I am troubled further in several respects.
While I may be accused of taking the quote out of context, the Court of Appeals contends that Victor’s Little Secret did not prove that it was not likely to tarnish Victoria’s Secret and that “[T]he fact that Congress was dissatisfied with the [first case's] result and the [first case's] standard of liability, as well as apparently the [first case's] burden of proof, supports the view of Victoria’s Secret that the present record—in the eyes of the legislative branch—shows a likelihood of tarnishment.” Since when does (should) the judicial branch care what the legislative branch thinks of a particular case?

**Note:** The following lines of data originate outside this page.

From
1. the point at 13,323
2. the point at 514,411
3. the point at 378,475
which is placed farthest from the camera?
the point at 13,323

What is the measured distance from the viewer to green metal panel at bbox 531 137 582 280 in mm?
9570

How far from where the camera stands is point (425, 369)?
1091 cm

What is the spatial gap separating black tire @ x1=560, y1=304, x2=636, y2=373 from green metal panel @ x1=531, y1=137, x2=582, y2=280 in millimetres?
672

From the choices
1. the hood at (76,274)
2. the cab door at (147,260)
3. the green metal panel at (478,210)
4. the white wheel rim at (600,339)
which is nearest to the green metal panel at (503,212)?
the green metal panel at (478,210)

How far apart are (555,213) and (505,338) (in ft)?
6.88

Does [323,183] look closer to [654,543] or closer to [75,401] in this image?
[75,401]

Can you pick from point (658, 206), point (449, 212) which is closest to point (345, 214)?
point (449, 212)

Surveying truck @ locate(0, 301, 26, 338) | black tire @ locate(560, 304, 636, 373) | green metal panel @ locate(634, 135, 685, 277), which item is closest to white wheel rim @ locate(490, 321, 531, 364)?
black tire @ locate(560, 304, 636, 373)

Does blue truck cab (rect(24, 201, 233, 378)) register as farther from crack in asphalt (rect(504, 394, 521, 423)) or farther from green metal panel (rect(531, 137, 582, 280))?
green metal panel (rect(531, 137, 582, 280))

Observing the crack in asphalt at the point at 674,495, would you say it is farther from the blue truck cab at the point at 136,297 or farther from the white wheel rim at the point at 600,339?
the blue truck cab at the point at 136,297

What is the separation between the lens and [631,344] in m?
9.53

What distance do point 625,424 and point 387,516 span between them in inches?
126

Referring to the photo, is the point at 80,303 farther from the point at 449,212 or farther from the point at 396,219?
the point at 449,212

Still, Victoria’s Secret provided ample evidence to support the ruling, right? Wrong. The evidence consisted of an affidavit from a military officer who, upon seeing an ad for Victor’s Little Secret, was offended as his wife and daughter shopped at Victoria’s Secret and the ad “denigrate[d] a store frequented by members of his family.” Additionally, a Victoria’s Secret corporate officer averred that the retail chain tries to “maintain[] an image that is sexy and playful” but “avoid[s] sexually explicit or graphic imagery.” I am here to tell that there are a lot of teenage boys who would respectfully disagree with that statement. As the Court’s dissenting member notes, there was no evidence to indicate any negative association between the two marks. If anything, the military officer confined his distaste to Victor’s Little Secret such that Victoria’s Secret’s reputation remained unblemished.

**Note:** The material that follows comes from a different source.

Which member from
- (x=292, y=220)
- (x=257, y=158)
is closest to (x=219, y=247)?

Finally, while trademark holders should be afforded protection against those that would tarnish their good will and valuable marks, concern is had that the “rebuttable presumption” will tip the scales of justice unduly in favor of the senior user, who may also be in a superior financial position. Trademark litigation is not cheap and can easily run in to the six figures fast. By putting the burden on the junior user of a mark, the Sixth Circuit’s decision hands trademark holders with a potential club to cudgel new competition.
And that’s no secret.
Tags: dallas cowboys, debbie does dallas, dilution, sixth circuit, Supreme Court, tarnishment, tdra, trademark, victor's little secret, Victoria's Secret






What is lurid? What is sexually explicit? What is graphic imagery? I don’t think any of those terms have been definitively defined and I am not sure they ever will. What is sexy for that matter? What was considered sexy a long time ago is a far cry from what is considered sexy today. Sort of silly to argue about it all.